§ Provided records
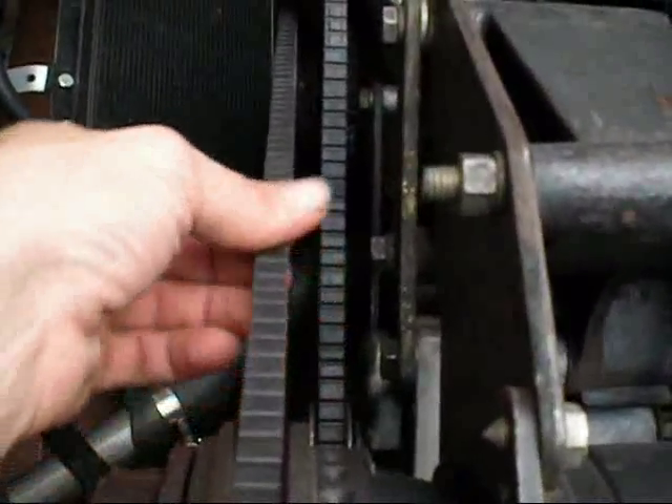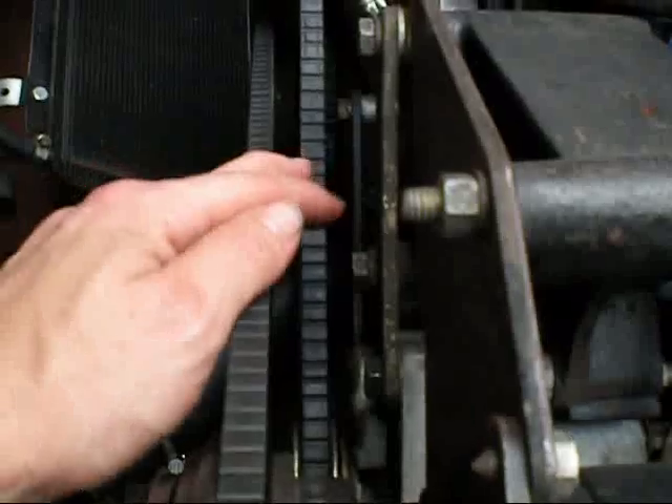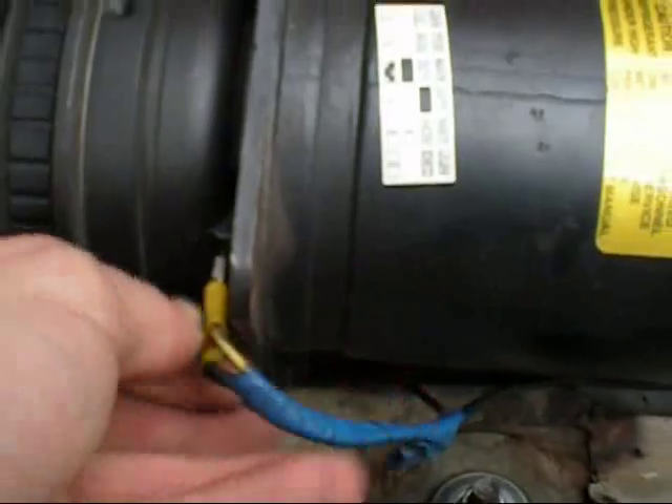You should always check that the belt is in good condition because there is a lot of stress on that. I replace it every year — that's what I recommend. Make sure your connections to your compressor are nice and tight.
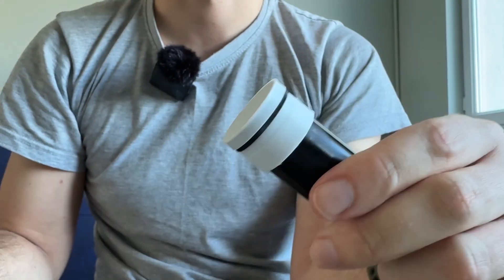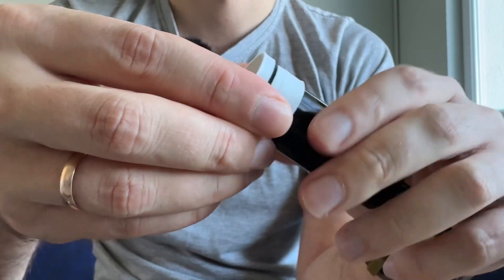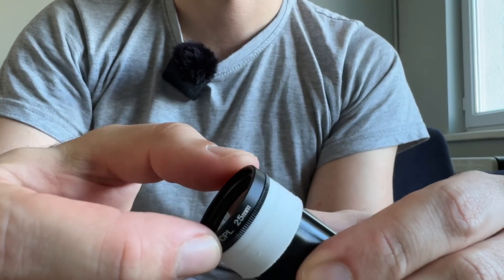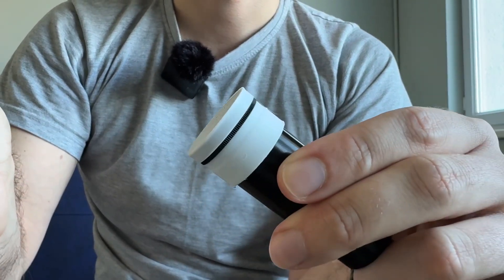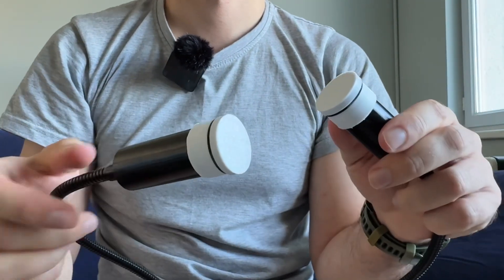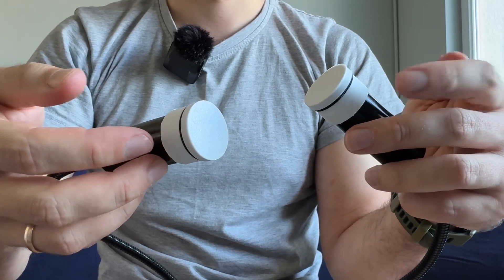And I even have protection for it. So as a result we have this one. Simply check — rotate, check. That's all. And we need 2 filters for 2 lights.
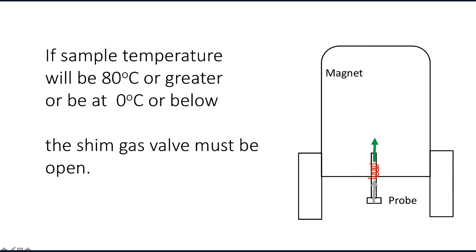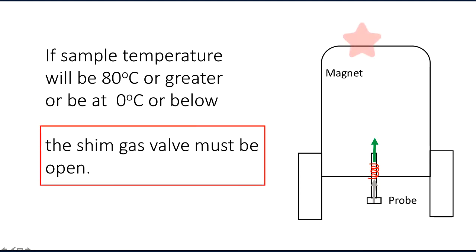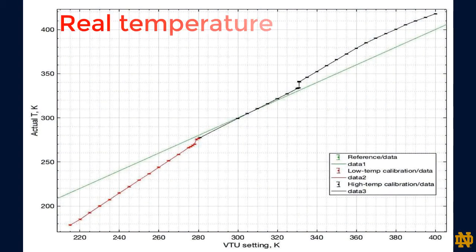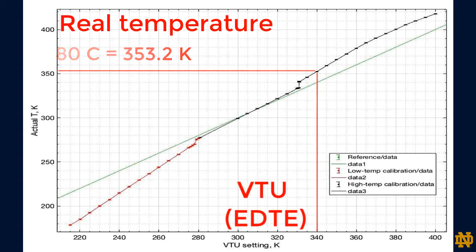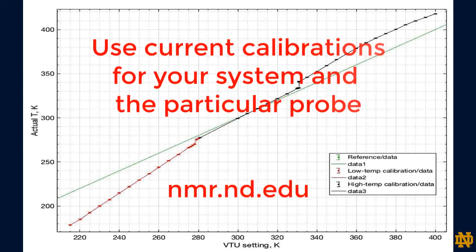When sample temperature is set to be at 80 degrees C or greater, or at 0 degrees C or below, we must open the shim gas valve. The valve is located on top of the magnet and allows a stream of dry nitrogen into the shim stack to protect it from freezing or becoming too hot. Very important: 0 degrees C and 80 degrees C are real temperatures. You must use calibration graphs to determine what VTU setting you put into the EDTE window for these temperatures. Please refer to current calibrations for your system and probe available on our NMR website.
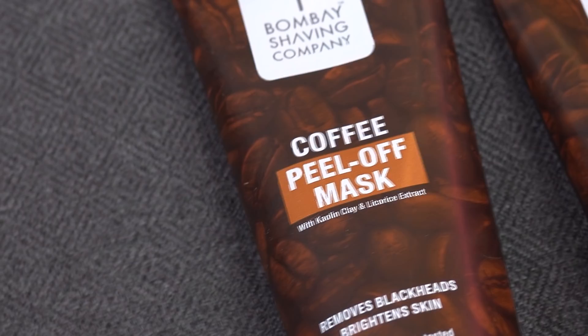The coffee peel-off mask removes blackheads with ease and gives you a brighter, glowing skin. The coffee face pack deep cleanses the skin and provides a moisturizing touch.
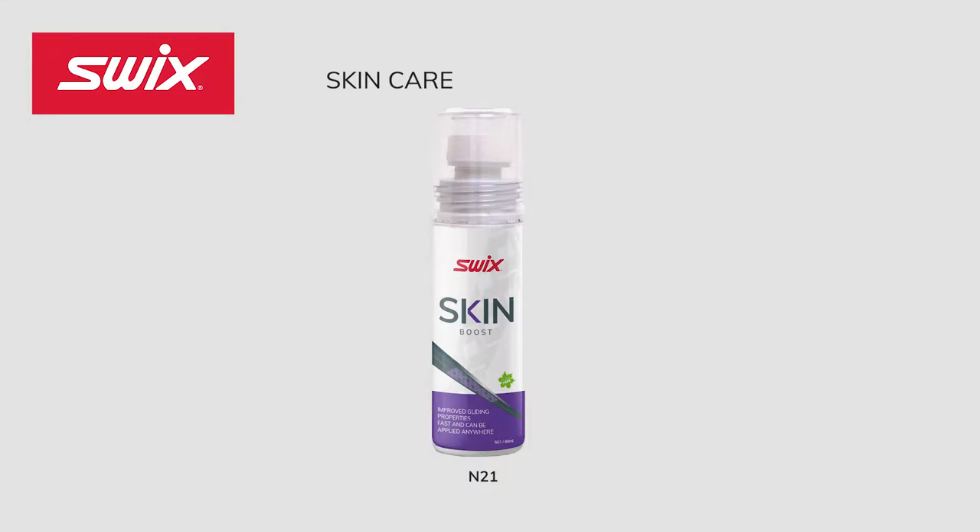Swix Skin Boost N21. When the temperature falls around freezing, the risk of icing is present, especially when the snow is changing from wet to dry. In these conditions, the Skin Boost works as an impregnation and prevents ice from building up. Proper maintenance of skin skis will extend the lifespan for a more enjoyable skiing experience. Skin Boost should be applied before skiing and can be done in minutes.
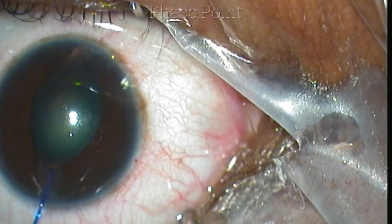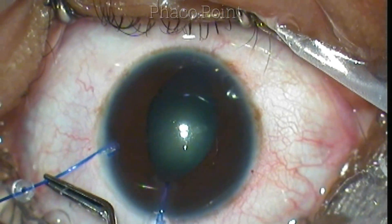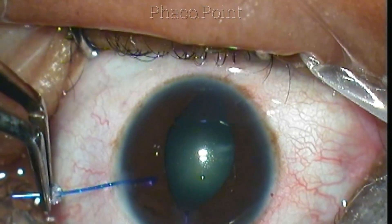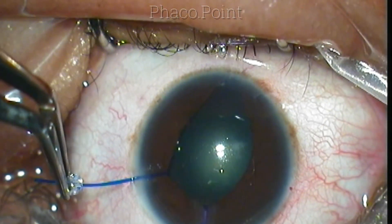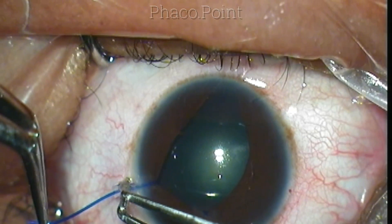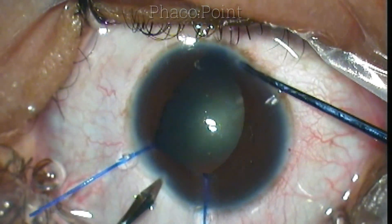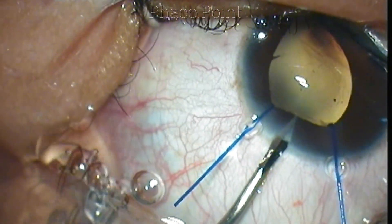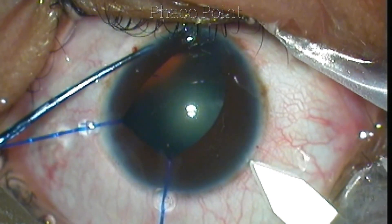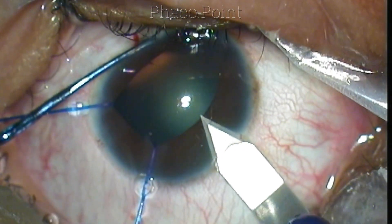With respect to iris hooks, the silicone stopper can come either as a flat stopper — which is my preference, as you can see in this case — or as a round stopper. The advantage of the flat stopper is that it is aligned with the hook of the iris hook, so you can just hold the stopper and maneuver the hook easily into place. I then make the side port incision and the clear corneal incision in my usual location around 110 to 120 degrees.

§ Assignment
Start at the line above containing "When sample temperature" and stop at the line containing "Swix Skin Boost": print those lines and everything between them exactly, but not the pictures.

§ Worked solution
When sample temperature is set to be at 80 degrees C or greater, or at 0 degrees C or below, we must open the shim gas valve. The valve is located on top of the magnet and allows a stream of dry nitrogen into the shim stack to protect it from freezing or becoming too hot. Very important: 0 degrees C and 80 degrees C are real temperatures. You must use calibration graphs to determine what VTU setting you put into the EDTE window for these temperatures. Please refer to current calibrations for your system and probe available on our NMR website.
The coffee peel-off mask removes blackheads with ease and gives you a brighter, glowing skin. The coffee face pack deep cleanses the skin and provides a moisturizing touch.
Swix Skin Boost N21. When the temperature falls around freezing, the risk of icing is present, especially when the snow is changing from wet to dry. In these conditions, the Skin Boost works as an impregnation and prevents ice from building up. Proper maintenance of skin skis will extend the lifespan for a more enjoyable skiing experience. Skin Boost should be applied before skiing and can be done in minutes.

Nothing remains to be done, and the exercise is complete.